■ **Record excerpts**:
-.-.-
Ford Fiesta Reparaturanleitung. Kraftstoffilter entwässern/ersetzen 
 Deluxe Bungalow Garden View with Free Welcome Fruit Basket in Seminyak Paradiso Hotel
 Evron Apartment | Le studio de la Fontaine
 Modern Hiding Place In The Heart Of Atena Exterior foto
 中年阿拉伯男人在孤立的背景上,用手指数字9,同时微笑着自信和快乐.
-.-.-
■ **Task statement**: Reproduce the entire listing word for word.

■ **Output below**:
Ford Fiesta Reparaturanleitung. Kraftstoffilter entwässern/ersetzen 
 Deluxe Bungalow Garden View with Free Welcome Fruit Basket in Seminyak Paradiso Hotel
 Evron Apartment | Le studio de la Fontaine
 Modern Hiding Place In The Heart Of Atena Exterior foto
 中年阿拉伯男人在孤立的背景上,用手指数字9,同时微笑着自信和快乐.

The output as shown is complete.